* [Exercise] Would you reproduce the whole listing exactly, minus its images?

* [Dataset extract]
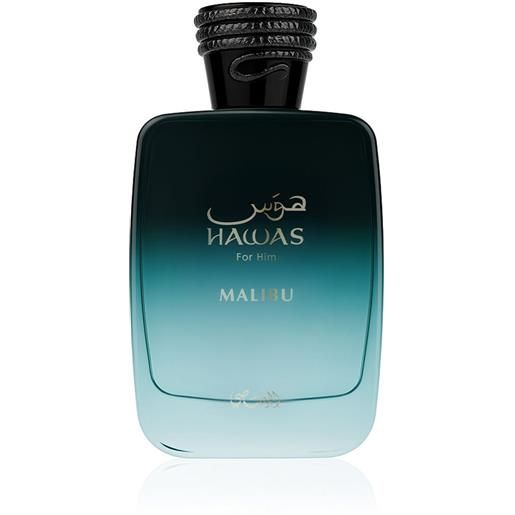 Rasasi hawas malibu eau de parfum (unisex) 100 ml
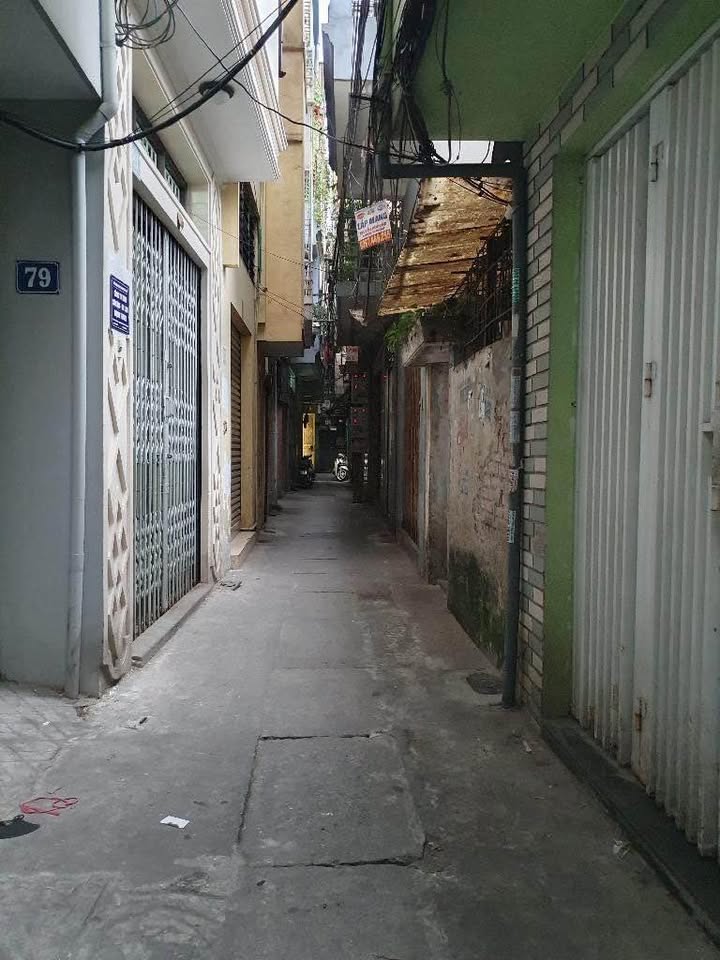 Nhà phố Lò Đúc, Hai Bà Trưng 40m² giá 4.05 tỷ - Ngõ rộng, gần phố!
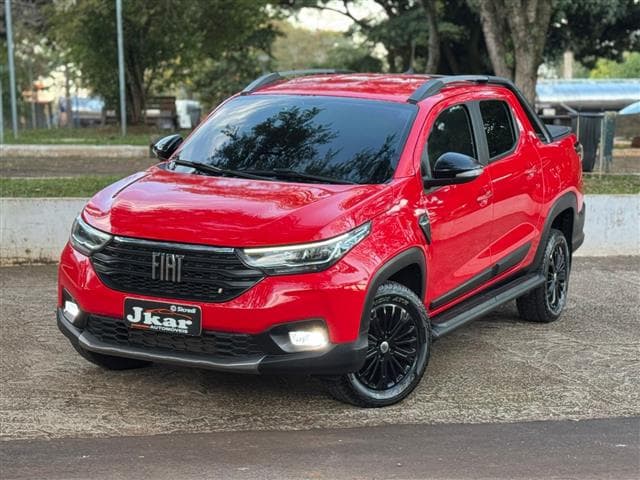 Strada 1.3 Ranch aut. dupla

* [Solution]
 Rasasi hawas malibu eau de parfum (unisex) 100 ml
 Nhà phố Lò Đúc, Hai Bà Trưng 40m² giá 4.05 tỷ - Ngõ rộng, gần phố!
 Strada 1.3 Ranch aut. dupla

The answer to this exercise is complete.